The Uganda National Oil Company (UNOC) has clarified the discrepancy in diesel consignment destined for Uganda, citing higher local demand by Ugandan Oil Marketing Companies (OMCs) than initially agreed upon with Kenyan authorities.
As Uganda’s first direct oil import reached Mombasa, Kenyan authorities slapped a shs145bn port fee on the oil to the shock of everyone.
However, in a statement UNOC says the importation of petroleum products through Kenya is managed and coordinated by the Supply Planning and Vessel Scheduling Committees under the leadership of the Ministry of Energy and Petroleum of Kenya.
“The committees meet every month to plan for and schedule the petroleum products imports through the Mombasa port to optimize the utilization of the constrained capacity of the Kenya pipeline system to ensure that the region, using the Kenyan route, is always well supplied and that there is a limitation on delays of vessels to discharge the imported products and also that the Kenya pipeline system is not clogged with product.”
UNOC said at the supply planning meeting of May, 22, 2024 held in Nairobi, UNOC was allocated to import 65,000MT of Diesel (AGO) to be received into the KPC system in Mombasa with a delivery date range of July 2 and 4, 2024.
However, due to higher demand from Ugandan OMCs, UNOC was allowed to discharge 80,000 Metric Tonnes of Diesel at the Mombasa Port on July 5, 2024, with 65,000MT allocated to Ugandan OMCs and the remaining 15,000MT to be availed in August 2024.

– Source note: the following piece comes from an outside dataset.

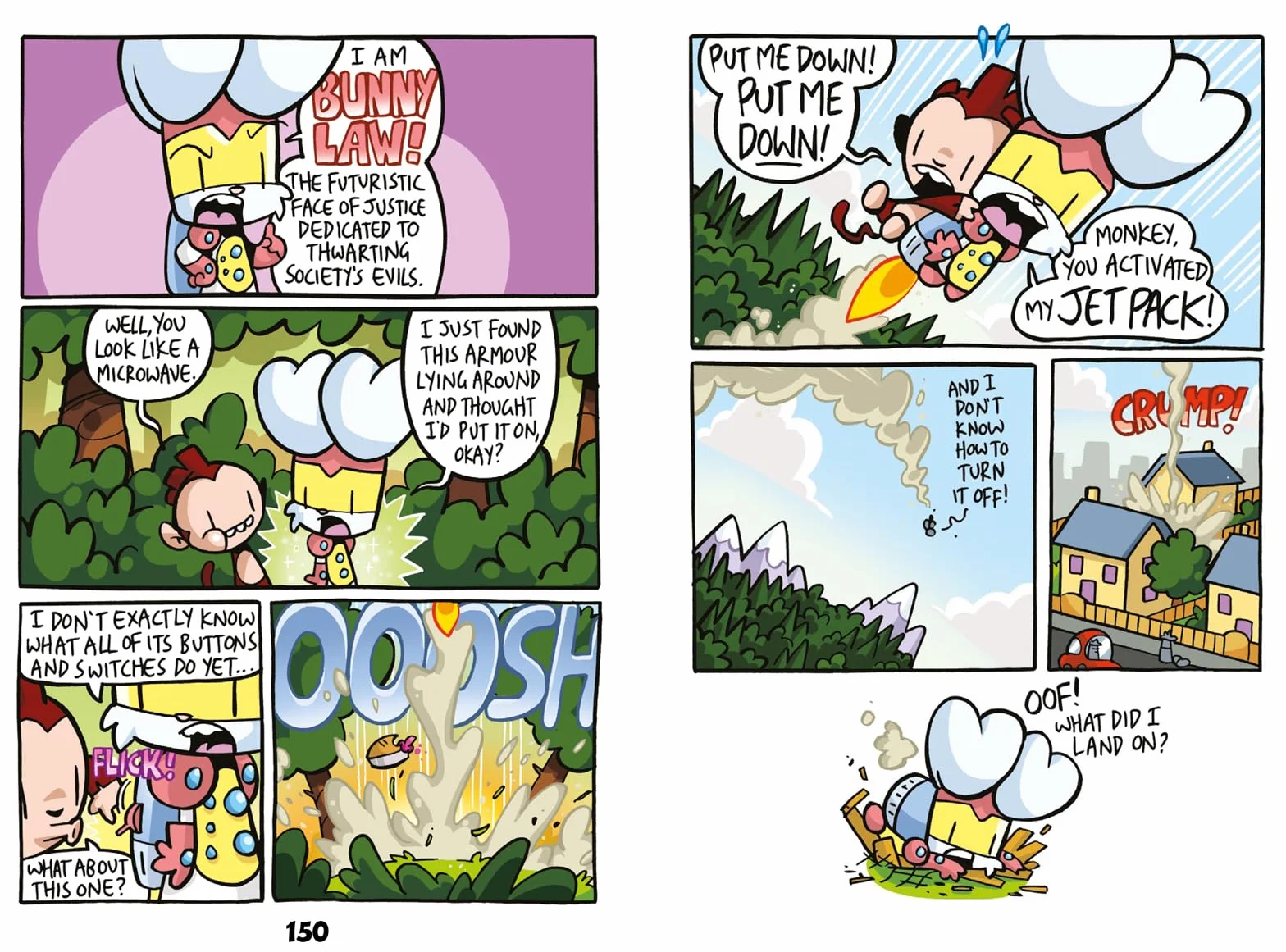 Bunny vs Monkey: Bunny Bonanza (a Phoenix Comic Book, from the multi-million-selling creative genius Jamie Smart): A Rollicking Rabbit Rumble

“The government of Uganda and the Government of Kenya reached an understanding to prioritize the G-2-G transit portion for delivery to Uganda within July 2024, and for UNOC to first avail 65,000 Metric Tonnes to the Ugandan Oil Marketing Companies,” UNOC explained.
UNOC said subsequently, they communicated to the Ugandan Oil Marketing Companies that the earlier allocated monthly demand of 80,000 Metric Tonnes will be split and they will only access from UNOC 65,000MT and a portion from the government to government delivery to meet the July demand.
“This is as per the vessels that had been planned under the government to Government supply arrangements for June 2024 but spilled into carly July 2024 (M/T IXORA carrying 85,000MT of Diesel).
“Going forward, the petroleum products importation and supply destined for Uganda shall be done by UNOC as per the Petroleum Supply Act, 2003, as amended in November 2023. The UNOC must import the entire demand for the country otherwise there will be a shortfall in supply. We give our assurances to the Public that UNOC together with its partner Vitol Bahrain prudently conducts business and are committed to ensuring the security of the supply of petroleum products into Uganda.”